Un teatro gremito, applausi scroscianti e una serata carica di emozioni. Al Teatro del Fuoco di Foggia è andato in scena venerdì 29 maggio “The Greatest Showman – Quando nasce un sogno. Il Musical”, spettacolo promosso dai ragazzi della casa-famiglia per minori CasaGio dell’associazione salesiana “Piccoli Passi Grandi Sogni” ETS e dai giovani dell’Oratorio del Sacro Cuore.
Più che una semplice rappresentazione teatrale, l’evento si è trasformato in una testimonianza concreta di inclusione, crescita e riscatto sociale, in un territorio spesso segnato da povertà educativa e fragilità.
Il circo come metafora dell’educazione
Ispirato alla storia di P.T. Barnum e al celebre musical cinematografico, il progetto ha utilizzato il “circo delle meraviglie” come simbolo del lavoro educativo svolto quotidianamente dagli operatori e dai volontari dell’associazione.
L’obiettivo è stato quello di valorizzare ogni unicità, trasformando le differenze e le difficoltà personali in punti di forza. Per mesi i giovani protagonisti hanno partecipato a laboratori di recitazione, canto, danza, scenografia e a un percorso dedicato alla giocoleria e all’equilibrismo, costruendo passo dopo passo uno spettacolo che ha coinvolto l’intera comunità.
L’emozione di don Antonio Carbone
A sottolineare il significato più profondo della serata è stato don Antonio Carbone, presidente dell’associazione “Piccoli Passi Grandi Sogni” ETS.
“Quando gli ‘scarti’ diventano arte: ieri sera qualcosa di molto più grande di un semplice spettacolo.

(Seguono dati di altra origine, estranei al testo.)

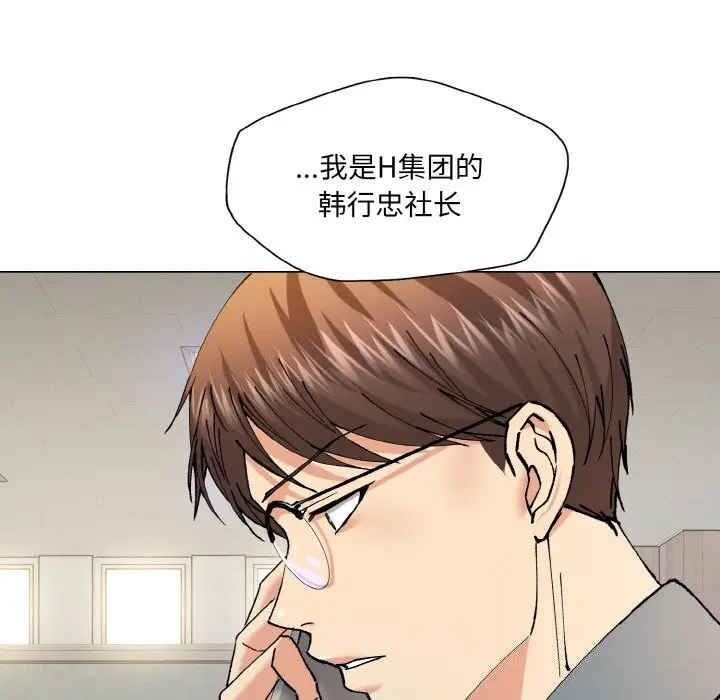 漫画《了不起的她》第52话第76张图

Sul palco sono saliti i nostri ragazzi della casa-famiglia CasaGio. Spesso la società etichetta questi giovani come ‘scarti’. Ieri sera, invece, hanno dimostrato di essere pura bellezza, talento e forza”.
Parole che raccontano il valore umano di un percorso costruito giorno dopo giorno grazie all’impegno di educatori e volontari.
Il lavoro silenzioso degli educatori
Nel suo messaggio, don Antonio ha voluto rendere omaggio a chi opera quotidianamente accanto ai ragazzi.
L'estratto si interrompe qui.